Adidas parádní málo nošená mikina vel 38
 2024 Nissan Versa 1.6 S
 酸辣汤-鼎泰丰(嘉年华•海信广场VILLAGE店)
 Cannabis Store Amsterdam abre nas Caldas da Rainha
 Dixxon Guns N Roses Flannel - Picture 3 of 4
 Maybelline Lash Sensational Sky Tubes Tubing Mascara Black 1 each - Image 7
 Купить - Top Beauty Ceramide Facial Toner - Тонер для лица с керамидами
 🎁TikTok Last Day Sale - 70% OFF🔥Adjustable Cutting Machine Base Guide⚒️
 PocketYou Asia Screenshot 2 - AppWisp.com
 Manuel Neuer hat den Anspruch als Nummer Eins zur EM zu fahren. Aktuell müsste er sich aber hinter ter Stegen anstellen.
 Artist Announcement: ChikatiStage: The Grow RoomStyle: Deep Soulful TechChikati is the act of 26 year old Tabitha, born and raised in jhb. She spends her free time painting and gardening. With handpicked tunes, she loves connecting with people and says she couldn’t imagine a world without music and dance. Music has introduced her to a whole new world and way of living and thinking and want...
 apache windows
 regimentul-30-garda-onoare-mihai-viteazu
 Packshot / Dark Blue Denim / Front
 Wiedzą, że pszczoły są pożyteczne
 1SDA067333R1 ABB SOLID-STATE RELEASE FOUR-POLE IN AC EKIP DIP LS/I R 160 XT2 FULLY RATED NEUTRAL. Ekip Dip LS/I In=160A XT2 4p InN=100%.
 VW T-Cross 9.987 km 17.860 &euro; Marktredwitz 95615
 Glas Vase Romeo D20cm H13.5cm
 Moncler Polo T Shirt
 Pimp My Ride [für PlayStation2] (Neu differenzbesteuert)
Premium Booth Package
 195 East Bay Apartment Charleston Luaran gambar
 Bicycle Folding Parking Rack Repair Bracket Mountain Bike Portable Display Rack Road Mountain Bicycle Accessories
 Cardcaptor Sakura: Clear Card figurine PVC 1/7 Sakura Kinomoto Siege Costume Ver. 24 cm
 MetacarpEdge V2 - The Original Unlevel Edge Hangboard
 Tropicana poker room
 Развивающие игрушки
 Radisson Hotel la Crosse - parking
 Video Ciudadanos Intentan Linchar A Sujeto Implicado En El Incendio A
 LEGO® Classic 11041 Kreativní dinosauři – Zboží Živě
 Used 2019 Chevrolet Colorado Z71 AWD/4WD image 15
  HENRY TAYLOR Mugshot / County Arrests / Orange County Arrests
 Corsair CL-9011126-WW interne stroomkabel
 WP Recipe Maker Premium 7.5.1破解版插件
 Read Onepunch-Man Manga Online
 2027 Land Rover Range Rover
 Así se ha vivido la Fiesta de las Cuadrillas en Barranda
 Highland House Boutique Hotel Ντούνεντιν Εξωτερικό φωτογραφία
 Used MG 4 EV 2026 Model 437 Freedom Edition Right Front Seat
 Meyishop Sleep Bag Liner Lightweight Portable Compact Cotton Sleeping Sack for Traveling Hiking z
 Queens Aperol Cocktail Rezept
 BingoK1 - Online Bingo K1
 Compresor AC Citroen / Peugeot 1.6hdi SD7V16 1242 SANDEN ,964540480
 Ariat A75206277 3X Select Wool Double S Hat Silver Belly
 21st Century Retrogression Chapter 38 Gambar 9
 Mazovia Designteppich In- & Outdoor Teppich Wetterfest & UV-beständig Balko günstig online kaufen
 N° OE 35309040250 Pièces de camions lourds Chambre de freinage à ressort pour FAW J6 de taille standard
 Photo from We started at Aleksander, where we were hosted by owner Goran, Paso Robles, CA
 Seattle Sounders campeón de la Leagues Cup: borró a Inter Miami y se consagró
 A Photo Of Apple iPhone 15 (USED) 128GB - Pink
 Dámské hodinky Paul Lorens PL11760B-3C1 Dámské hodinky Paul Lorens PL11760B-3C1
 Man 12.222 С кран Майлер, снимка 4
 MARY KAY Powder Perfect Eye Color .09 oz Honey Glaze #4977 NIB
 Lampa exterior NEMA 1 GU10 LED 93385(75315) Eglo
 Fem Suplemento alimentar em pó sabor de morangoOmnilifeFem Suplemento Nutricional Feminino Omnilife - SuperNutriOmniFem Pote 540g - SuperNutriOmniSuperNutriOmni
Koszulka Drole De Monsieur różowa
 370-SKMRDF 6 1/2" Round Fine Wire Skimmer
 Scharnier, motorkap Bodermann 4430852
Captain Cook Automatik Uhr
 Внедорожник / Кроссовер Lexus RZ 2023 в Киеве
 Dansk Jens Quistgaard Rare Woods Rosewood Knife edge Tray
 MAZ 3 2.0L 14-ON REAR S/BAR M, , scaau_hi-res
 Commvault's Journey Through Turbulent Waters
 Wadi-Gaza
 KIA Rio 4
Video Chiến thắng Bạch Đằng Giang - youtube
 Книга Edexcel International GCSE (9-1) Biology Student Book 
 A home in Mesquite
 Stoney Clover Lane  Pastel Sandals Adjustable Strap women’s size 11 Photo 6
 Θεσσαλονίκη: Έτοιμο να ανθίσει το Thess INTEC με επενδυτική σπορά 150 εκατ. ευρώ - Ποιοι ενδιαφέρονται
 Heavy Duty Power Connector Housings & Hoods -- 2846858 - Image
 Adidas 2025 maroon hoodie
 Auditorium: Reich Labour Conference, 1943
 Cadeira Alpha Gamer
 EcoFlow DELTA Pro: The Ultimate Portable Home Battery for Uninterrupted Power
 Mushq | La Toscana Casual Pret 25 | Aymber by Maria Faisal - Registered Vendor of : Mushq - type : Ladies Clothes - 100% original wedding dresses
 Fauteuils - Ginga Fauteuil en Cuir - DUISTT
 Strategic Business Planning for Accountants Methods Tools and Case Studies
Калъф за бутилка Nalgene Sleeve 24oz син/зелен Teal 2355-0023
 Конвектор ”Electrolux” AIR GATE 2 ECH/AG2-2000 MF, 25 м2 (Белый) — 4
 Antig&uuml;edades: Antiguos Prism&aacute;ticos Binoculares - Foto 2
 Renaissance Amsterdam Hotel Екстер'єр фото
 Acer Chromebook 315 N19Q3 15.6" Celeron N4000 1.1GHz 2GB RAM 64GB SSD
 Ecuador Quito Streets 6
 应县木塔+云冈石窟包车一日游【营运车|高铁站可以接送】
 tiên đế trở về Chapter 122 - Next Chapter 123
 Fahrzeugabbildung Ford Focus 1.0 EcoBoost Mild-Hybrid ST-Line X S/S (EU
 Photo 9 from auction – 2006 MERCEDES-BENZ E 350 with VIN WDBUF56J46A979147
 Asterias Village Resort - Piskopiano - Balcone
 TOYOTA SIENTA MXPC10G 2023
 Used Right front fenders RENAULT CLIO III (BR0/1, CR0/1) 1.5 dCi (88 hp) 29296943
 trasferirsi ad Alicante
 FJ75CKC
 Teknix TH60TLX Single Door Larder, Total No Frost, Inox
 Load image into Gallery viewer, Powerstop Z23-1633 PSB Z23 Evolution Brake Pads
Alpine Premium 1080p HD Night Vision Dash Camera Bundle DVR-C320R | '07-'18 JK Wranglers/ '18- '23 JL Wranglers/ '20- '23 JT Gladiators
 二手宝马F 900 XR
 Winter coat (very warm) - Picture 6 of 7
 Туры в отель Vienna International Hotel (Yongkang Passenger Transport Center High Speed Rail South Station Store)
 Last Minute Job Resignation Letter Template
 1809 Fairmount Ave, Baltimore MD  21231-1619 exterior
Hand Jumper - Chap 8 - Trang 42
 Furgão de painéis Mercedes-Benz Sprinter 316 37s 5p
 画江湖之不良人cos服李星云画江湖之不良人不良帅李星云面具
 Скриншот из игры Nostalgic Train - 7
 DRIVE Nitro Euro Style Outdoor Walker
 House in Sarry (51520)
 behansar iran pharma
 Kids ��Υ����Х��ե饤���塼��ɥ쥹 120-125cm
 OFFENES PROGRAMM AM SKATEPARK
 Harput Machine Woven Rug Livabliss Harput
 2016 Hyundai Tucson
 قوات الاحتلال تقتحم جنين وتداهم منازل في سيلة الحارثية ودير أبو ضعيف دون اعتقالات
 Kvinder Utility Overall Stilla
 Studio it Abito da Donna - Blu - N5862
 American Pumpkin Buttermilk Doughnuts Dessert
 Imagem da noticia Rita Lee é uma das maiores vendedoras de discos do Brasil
☆ ☆ ☆ ☆ ☆ ☆ ☆
■ **TASK TO CARRY OUT**:
The required output is the entries from their opening line through the line holding "Wiedzą, że pszczoły są pożyteczne", repeated exactly, with both end lines kept.

■ **TASK RESULT**:
Adidas parádní málo nošená mikina vel 38
 2024 Nissan Versa 1.6 S
 酸辣汤-鼎泰丰(嘉年华•海信广场VILLAGE店)
 Cannabis Store Amsterdam abre nas Caldas da Rainha
 Dixxon Guns N Roses Flannel - Picture 3 of 4
 Maybelline Lash Sensational Sky Tubes Tubing Mascara Black 1 each - Image 7
 Купить - Top Beauty Ceramide Facial Toner - Тонер для лица с керамидами
 🎁TikTok Last Day Sale - 70% OFF🔥Adjustable Cutting Machine Base Guide⚒️
 PocketYou Asia Screenshot 2 - AppWisp.com
 Manuel Neuer hat den Anspruch als Nummer Eins zur EM zu fahren. Aktuell müsste er sich aber hinter ter Stegen anstellen.
 Artist Announcement: ChikatiStage: The Grow RoomStyle: Deep Soulful TechChikati is the act of 26 year old Tabitha, born and raised in jhb. She spends her free time painting and gardening. With handpicked tunes, she loves connecting with people and says she couldn’t imagine a world without music and dance. Music has introduced her to a whole new world and way of living and thinking and want...
 apache windows
 regimentul-30-garda-onoare-mihai-viteazu
 Packshot / Dark Blue Denim / Front
 Wiedzą, że pszczoły są pożyteczne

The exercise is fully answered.